You should probably *not* share the profile. By all means make a copy of the profile, but change the location of the mail store only, to a shared drive. I haven't tried this but let me know if you have any luck.
Steve
I would like to be able view email and addresses on both a wireless laptop (various places in the house) and a wired desktop located in my office. I have researched this idea considerably and it seems to be possible. On the Vista Ultimate desktop which I'll call "Primary", I have moved the TBird profile to a "D" partition and this works fine. On my laptop (XP Pro), I downloaded a full version of TBird and altered the "proflies.ini" file by changing the "IsRelative" to a "0" and "Path" to the folder on the desktop (set up as shared). I can see the desktop folders from the laptop. If I am executing TBird on the laptop and if the desktop has TBird open, I get an error message from TBird telling me that TBird is already running. If I close it on the desktop, I can open TBird on the laptop. It would appear that there should be a way for me to still see, get and send email from either system (regardless of which one is open) since I cannot be in both places at the same time.

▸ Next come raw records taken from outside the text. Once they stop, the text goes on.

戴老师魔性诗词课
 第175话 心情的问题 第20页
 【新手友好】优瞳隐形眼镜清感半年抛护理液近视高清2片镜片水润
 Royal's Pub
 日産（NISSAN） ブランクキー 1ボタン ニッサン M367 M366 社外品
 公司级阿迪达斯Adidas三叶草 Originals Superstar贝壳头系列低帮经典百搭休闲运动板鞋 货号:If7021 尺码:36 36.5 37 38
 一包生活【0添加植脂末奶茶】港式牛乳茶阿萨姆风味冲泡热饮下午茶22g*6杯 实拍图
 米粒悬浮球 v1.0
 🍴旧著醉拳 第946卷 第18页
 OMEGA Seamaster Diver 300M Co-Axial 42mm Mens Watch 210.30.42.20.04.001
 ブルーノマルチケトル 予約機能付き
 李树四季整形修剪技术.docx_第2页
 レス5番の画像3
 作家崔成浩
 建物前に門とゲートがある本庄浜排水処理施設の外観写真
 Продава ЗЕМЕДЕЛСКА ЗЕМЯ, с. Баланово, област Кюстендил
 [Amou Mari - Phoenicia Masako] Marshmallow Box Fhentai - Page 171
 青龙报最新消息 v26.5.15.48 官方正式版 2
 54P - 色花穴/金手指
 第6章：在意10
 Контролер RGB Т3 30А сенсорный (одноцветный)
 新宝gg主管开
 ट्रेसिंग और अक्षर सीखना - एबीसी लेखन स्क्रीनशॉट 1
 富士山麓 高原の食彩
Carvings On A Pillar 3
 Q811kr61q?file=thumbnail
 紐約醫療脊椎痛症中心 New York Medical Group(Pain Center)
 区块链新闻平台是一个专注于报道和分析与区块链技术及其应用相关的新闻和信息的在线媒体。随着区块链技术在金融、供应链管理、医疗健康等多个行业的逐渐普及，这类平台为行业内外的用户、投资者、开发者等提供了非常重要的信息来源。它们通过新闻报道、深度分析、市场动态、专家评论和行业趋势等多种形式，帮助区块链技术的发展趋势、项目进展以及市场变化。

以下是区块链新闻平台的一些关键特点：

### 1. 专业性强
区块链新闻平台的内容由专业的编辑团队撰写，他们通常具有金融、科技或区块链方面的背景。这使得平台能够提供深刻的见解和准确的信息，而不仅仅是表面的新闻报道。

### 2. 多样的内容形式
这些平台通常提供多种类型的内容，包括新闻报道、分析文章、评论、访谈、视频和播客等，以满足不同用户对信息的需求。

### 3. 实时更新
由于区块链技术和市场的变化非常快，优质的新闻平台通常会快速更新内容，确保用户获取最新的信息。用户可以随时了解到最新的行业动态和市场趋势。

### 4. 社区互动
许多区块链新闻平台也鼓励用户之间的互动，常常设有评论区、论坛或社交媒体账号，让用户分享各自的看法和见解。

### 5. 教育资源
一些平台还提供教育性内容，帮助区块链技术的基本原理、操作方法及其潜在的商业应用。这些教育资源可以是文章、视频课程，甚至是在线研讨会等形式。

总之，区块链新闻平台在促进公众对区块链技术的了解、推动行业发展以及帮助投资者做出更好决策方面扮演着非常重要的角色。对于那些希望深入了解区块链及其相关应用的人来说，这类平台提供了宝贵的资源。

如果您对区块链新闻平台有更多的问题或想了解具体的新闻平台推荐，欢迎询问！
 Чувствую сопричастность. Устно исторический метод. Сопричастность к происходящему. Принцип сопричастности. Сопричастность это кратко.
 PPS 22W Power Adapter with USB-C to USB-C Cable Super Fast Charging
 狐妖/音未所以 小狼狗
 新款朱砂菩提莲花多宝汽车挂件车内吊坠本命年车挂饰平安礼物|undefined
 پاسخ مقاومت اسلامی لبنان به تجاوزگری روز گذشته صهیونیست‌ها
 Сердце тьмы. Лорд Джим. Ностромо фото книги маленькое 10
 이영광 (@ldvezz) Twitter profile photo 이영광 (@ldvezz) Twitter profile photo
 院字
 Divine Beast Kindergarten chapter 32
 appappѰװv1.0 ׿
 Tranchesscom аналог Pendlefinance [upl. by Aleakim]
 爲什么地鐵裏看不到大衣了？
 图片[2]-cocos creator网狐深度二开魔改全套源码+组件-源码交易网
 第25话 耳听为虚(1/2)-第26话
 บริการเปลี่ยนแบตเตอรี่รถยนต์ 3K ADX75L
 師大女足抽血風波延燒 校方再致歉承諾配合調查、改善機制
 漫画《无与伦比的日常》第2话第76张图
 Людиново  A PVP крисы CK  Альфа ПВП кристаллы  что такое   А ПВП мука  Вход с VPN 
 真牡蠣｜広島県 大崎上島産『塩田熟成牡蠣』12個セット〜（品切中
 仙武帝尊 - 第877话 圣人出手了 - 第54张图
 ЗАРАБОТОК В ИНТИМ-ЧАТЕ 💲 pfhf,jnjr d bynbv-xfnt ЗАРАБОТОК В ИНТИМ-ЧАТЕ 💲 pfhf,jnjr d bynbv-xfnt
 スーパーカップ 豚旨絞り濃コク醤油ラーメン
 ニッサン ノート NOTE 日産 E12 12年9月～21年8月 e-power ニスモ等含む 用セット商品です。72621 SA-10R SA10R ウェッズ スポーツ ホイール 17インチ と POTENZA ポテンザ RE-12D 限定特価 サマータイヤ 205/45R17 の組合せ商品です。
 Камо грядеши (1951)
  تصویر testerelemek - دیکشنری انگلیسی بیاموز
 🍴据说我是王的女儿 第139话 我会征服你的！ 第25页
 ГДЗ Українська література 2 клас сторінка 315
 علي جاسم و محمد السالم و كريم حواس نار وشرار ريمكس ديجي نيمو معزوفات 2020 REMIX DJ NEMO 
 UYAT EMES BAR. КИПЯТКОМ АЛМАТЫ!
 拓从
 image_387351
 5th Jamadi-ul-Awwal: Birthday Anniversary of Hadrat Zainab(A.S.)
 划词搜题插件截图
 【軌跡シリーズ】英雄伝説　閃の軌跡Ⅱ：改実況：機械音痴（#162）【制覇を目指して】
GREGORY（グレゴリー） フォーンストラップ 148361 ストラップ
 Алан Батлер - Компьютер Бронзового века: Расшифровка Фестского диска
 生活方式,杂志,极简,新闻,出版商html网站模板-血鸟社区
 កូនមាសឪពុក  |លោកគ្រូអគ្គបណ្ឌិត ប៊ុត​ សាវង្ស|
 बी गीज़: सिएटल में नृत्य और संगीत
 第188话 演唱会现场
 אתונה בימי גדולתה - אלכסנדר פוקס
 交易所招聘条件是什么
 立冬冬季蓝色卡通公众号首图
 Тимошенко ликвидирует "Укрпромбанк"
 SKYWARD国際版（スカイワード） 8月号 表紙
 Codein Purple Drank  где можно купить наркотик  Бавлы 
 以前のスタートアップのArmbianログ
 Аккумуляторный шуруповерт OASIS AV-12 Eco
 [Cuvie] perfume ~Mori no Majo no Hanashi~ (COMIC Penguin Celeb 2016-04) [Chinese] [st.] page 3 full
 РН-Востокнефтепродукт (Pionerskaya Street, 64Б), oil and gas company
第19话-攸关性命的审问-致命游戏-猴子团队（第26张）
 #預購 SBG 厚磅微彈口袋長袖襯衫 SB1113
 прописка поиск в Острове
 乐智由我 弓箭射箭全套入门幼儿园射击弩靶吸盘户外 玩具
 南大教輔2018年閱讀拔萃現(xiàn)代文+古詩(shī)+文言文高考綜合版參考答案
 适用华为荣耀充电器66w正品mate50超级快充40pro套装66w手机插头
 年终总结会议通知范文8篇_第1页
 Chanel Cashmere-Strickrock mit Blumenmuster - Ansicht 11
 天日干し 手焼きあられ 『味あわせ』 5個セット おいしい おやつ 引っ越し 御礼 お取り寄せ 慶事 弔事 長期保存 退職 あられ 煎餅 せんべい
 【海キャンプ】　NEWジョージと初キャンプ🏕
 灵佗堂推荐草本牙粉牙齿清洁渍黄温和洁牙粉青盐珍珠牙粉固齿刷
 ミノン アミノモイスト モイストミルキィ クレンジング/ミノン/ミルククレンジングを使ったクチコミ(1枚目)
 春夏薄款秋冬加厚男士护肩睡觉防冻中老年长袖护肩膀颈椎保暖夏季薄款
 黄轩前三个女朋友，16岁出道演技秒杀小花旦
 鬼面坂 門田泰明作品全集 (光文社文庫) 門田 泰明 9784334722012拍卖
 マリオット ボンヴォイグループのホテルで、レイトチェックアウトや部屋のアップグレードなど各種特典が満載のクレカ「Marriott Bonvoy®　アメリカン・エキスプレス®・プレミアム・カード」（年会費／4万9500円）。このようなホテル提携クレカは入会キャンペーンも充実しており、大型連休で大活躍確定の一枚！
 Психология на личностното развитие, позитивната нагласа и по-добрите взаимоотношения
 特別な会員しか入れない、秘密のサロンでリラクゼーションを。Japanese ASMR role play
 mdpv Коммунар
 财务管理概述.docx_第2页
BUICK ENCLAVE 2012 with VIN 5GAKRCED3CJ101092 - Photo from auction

Web research seems to iimply that possible use of Thunderbird Portable would allow me the function I want on a laptop. However, Thunderbird Portable installed on the laptop will not retain the location of the TBird Desktop network shared folders in either the Local Folder settings or the Account/Server Settings dialog box. I can change these boxes to the correct shared location but as soon as I close the application to restart it, the settings return to their nornal C:\ etc etc. locations.
I've been struggling with this quite a bit and cannot seem to find a solution. I would really appreciate help from someone who is very familiar with TBird. Thanks.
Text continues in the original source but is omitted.